Inventor launches ember defence

WHEN bushfire hit Callala Bay last month, Gordon McKeown was able to protect a neighbour’s house through the simple act of turning on a hose.

The inventor of a home protection system called the Ember Defender, Mr McKeown had earlier installed his fire defence system at the house, so all that was left to do when fire broke out nearby was to turn on a tap and let sprinklers soak the roof and any leaves in the gutters.

While the home was protected, a home on the other side lost washing that caught fire when hit by burning embers.

A former plumber and Rural Fire Service volunteer, Mr McKeown developed the system many years ago as “a simple device” to help his elderly mother protect her home at Heathcote.

While the system would not save homes hit by a wall of flames, CSIRO research showed 90 per cent of all homes lost to bushfire were destroyed by embers hitting them.

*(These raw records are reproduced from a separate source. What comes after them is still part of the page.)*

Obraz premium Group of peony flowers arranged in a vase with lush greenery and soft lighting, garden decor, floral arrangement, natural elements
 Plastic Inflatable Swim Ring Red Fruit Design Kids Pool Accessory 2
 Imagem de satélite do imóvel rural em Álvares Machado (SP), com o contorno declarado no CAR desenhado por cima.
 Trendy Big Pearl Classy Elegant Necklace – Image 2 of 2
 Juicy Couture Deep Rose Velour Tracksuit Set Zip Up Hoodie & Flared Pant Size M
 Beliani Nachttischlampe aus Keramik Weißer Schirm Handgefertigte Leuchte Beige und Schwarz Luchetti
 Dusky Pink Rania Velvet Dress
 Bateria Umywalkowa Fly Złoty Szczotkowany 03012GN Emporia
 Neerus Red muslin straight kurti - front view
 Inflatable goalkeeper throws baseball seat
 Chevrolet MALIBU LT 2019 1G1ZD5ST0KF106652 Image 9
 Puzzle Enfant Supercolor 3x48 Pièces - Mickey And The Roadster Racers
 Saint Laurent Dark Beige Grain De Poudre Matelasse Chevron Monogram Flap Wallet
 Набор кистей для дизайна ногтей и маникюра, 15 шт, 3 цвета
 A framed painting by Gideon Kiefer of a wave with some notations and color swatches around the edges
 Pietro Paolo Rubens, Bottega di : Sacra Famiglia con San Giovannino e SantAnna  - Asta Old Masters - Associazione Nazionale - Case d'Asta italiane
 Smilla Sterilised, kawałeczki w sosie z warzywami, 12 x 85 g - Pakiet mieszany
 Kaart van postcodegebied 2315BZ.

“That’s where this thing does the job,” Mr McKeown said.

“You can turn it on and walk away, you don’t have to stay there.”

The invention was featured on the New Inventors television show in 2004, and in August was the subject of a segment on current affairs show Today Tonight.

However while many have praised the invention, getting support to manufacture the Ember Defender has proven more difficult.

While manufacturers have rejected the product, Mr McKeown has continued to see houses destroyed by embers in Canberra, several bushfires in NSW, and during Victoria’s devastating bushfires early last year.

“It’s frustrating when you know you’ve got something that can help, but you can’t get it out there,” the Callala Bay man said.

Now with the help of a nephew, who used to work for Bunnings, Mr McKeown is manufacturing the Ember Defenders himself in China, and has just heard Bunnings will stock his invention as of November.